▶ [MATERIAL FOR THE TASK]:

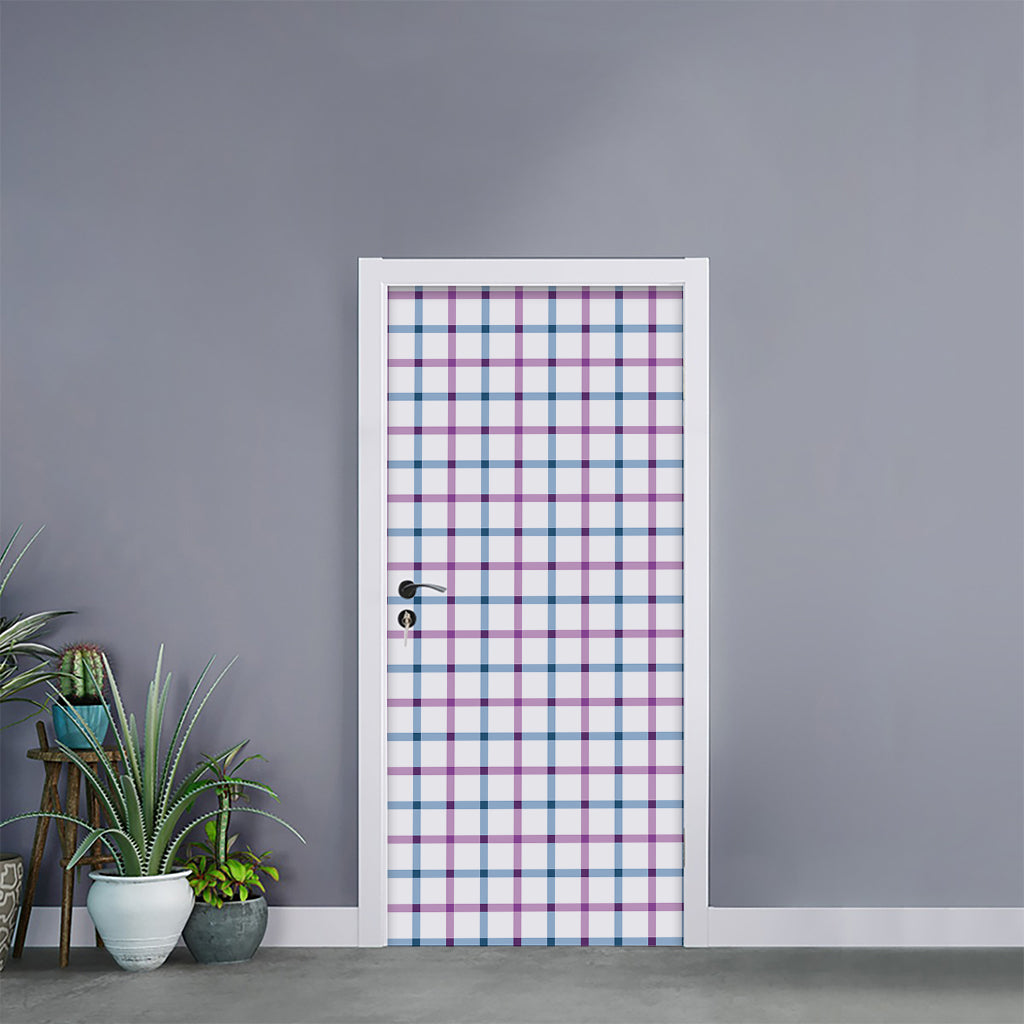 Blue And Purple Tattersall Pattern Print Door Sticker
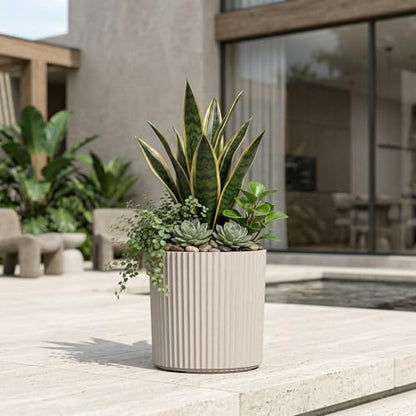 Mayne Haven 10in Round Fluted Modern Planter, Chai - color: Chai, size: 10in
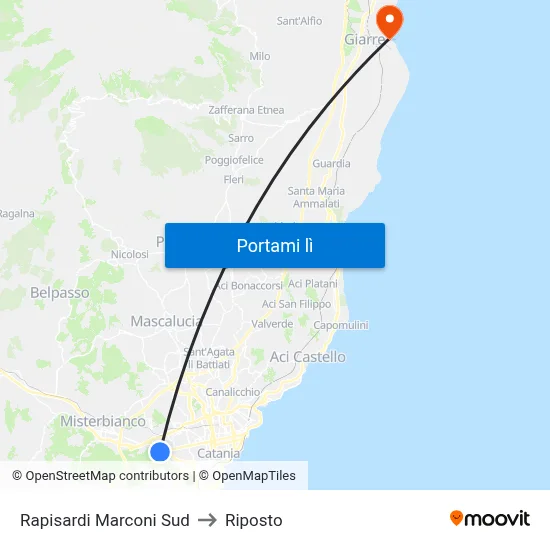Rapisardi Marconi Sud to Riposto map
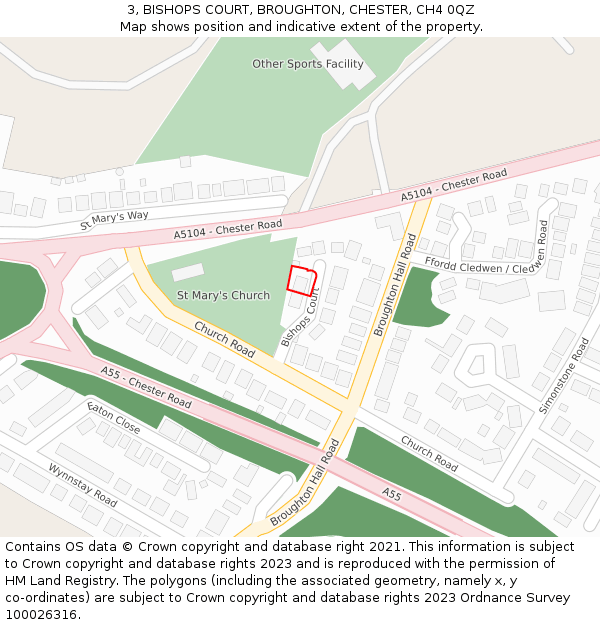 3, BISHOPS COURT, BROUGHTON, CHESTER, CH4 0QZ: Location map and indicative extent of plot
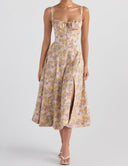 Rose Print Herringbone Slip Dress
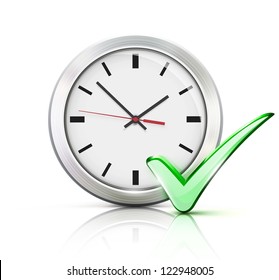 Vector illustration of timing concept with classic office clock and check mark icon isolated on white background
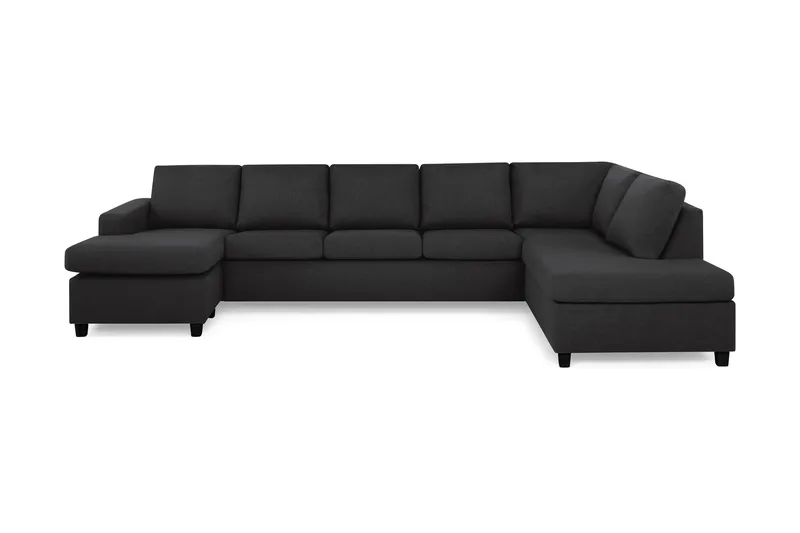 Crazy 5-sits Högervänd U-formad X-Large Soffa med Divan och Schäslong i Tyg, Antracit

▶ [WHAT THE EXERCISE ASKS]:
All lines from the line with "Mayne Haven 10in" through the final line of the listing are to be printed exactly, both ends included; the pictures are not.

▶ [RESPONSE TO THIS TASK]:
 Mayne Haven 10in Round Fluted Modern Planter, Chai - color: Chai, size: 10in
Rapisardi Marconi Sud to Riposto map
 3, BISHOPS COURT, BROUGHTON, CHESTER, CH4 0QZ: Location map and indicative extent of plot
 Rose Print Herringbone Slip Dress
 Vector illustration of timing concept with classic office clock and check mark icon isolated on white background
 Crazy 5-sits Högervänd U-formad X-Large Soffa med Divan och Schäslong i Tyg, Antracit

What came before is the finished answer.